As you may have noticed, Mario Kart 8 arrives for Wii U today. This much-ballyhooed racer is regarded as one of the floundering console’s big hopes, the kind of release (alongside the upcoming Smash Bros) that can actually sell the darn thing. With that super mario , let’s party like it’s 1992 and pay homage to the game that started it all.

Super Mario Kart hit the SNES that year, and was really quite an odd notion at the time. After all, Mario, Luigi, Bowser et al were quite happy in their natural home: platform games. In one of those out-of-the-blue moves Nintendo would become known for, here they suddenly were in a toontastic racer.

These were the days before all manner of oddities entered the roster (Super Mario Galaxy’s Honey Queen, Petey Piranha and those darn Miis have all been playable in recent entries). It was a ‘pure’ Mario Kart in many respects, bringing us just the eight core racers: Mario, Luigi, Peach, Toad, Yoshi, Koopa Troopa, Bowser and Donkey Kong. Only our hairy monkey friend was a bit of an anomaly, this actually being D.K Jr. You can tell by that old Die Hard vest he’s wearing. Presumably, these were the days before gorillas earned the right to stride about naked as nature intended.

Ah yes. These were the days.
Ah yes. These were the days.

Anywho, so many aspects of the series were firmly in place from the get-go.

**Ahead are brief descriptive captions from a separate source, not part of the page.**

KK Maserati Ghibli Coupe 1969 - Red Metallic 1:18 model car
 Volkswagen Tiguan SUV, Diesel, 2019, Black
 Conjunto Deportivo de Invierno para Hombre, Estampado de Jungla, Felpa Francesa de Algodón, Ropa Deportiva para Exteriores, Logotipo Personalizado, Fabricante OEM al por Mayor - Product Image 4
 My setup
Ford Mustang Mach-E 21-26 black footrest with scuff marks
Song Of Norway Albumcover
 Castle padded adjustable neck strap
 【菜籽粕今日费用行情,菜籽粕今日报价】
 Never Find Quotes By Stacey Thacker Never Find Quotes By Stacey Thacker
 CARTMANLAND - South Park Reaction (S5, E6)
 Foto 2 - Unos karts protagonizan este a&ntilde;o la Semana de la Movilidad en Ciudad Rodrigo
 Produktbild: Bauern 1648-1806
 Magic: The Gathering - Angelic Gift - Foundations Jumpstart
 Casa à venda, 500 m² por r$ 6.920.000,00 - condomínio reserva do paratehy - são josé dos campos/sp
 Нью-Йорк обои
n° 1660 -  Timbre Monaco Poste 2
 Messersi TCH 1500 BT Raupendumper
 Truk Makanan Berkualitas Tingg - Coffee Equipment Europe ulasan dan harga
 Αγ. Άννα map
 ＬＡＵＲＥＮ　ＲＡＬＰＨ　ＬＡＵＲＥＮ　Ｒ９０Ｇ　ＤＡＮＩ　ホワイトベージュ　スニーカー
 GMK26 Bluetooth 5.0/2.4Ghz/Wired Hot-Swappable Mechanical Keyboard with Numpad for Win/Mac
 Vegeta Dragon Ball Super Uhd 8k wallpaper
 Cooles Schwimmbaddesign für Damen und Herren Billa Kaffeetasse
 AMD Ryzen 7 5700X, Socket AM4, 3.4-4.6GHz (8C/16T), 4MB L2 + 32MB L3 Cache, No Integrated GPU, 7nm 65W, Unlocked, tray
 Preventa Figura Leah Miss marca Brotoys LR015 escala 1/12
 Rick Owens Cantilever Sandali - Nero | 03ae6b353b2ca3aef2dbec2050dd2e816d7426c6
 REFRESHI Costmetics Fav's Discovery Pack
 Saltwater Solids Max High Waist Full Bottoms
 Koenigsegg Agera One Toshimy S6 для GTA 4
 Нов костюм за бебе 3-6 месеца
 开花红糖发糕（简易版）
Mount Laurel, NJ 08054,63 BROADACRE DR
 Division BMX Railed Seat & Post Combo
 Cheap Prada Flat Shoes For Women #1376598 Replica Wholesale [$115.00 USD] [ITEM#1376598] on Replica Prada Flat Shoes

The singleplayer options, Grand Prix and Time Trial, are Mario Kart mainstays. In the first, you’ll select a character and race the remaining cast across a sequence of four tracks. You score points according to your placement on each course, and the cup is awarded at the end. Meanwhile, Time Trial sees you cruising along the track of your choice on your own, in a bid to achieve the fastest time.

You’re surely familiar with the multiplayer modes too. The iconic Battle Mode was introduced here, and has returned in some form or another in every later installment. It’s that ancient, noble sport: just you, your opponents, a large arena, and some… brightly coloured balloons. It’s all very manly.

Super Mario Kart made liberal use of the SNES’s fancy Mode 7 effect. This screen-rotatey wizardry gave the game its vibrant visuals and that sensation of movement, and coupled with the jangly music, the Mario Kart magic was born.

So many kart racers arrived in its wake. From Crash Bandicoot to the Crazy-freaking-Frog, everyone wanted to get in on the action. It’s undeniable, though, that this was the game that set the template for the genre. Item boxes, weight classes, even most elements of the HUD were shamelessly aped. Of the many pretenders, so few could even hold a candle to the original (although Crash Team Racing was fantastic). It was surely the familiar characters themselves, and the Mario-fied tracks, but none could really complete.

Images: gamefaqs.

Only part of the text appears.